Why rules fascinate as much as they frighten

In August 2017, the Nepalese parliament approved a law sanctioning the chaupadi, a Hindu tradition of banning women from their homes during their period. If, on the contrary, other beliefs have attributed to menstrual blood a sacred or miraculous character, all over the world religious traditions continue to associate it with a form of defilement or danger. Taboos, bans, menstrual exile: how did we get there?

Since Antiquity, the power of reproduction symbolized by menstrual blood has fascinated people. To be convinced of this, it suffices to take an interest in the cult of Artemis, demonstrates the journalist Elise Thiébaut in her book This is my blood (La Découverte, 2017), devoted to the history of rules. The goddess of the hunt is also the goddess of childbirth and fertility.

In the sanctuary of Artemis of Brauron, near Athens, archaeologists have discovered traces of curious offerings: rakoi (rakos, singular), tissues intended to collect blood from lochia (postpartum bleeding) or even the first period. Paradox: still in ancient Greece, the priestesses who worshiped divinities had to be impubescent or menopausal.

Already the divergence is clear: although it is the principle of life in the womb of women, blood remains associated with violence and death … As for menstrual blood, it itself remains ambiguous: a sign of the possibility of ‘a life, yet it means that this life has not (yet) presented itself.
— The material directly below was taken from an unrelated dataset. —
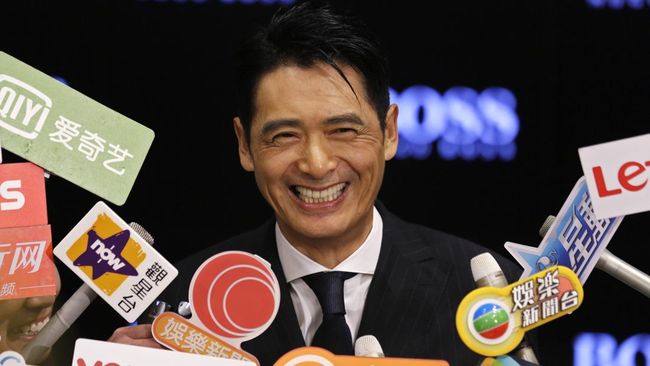 Chow Yun Fat pekan lalu memamerkan rambut putihnya yang rapi ketika menghadiri acara di Hong Kong.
Should we then or not let it approach the sacred?

The myth of impurity

In the matriarchal society of the Huron Indians, in Canada – “discovered” by Europeans in the 17th centurye century – there was no such ambivalence: menstruation, associated with natural purification, was considered sacred. Thus, in the vast majority of civilizations, the menstrual flow attracts as much as it frightens.

In African societies, rules are used as ingredients to simmer miraculous… or evil essences. “In Dakar, Senegal, women running the street canteens that attract the most customers are suspected of putting menstrual blood in their food”, says Gaëlle Lacaze, anthropologist of the body and ethnologist. In Mongolia, being in contact with the rules is a “Quasi-omen of death, […] extremely defiling: this is the reason why the sacred mountains are forbidden to women ”.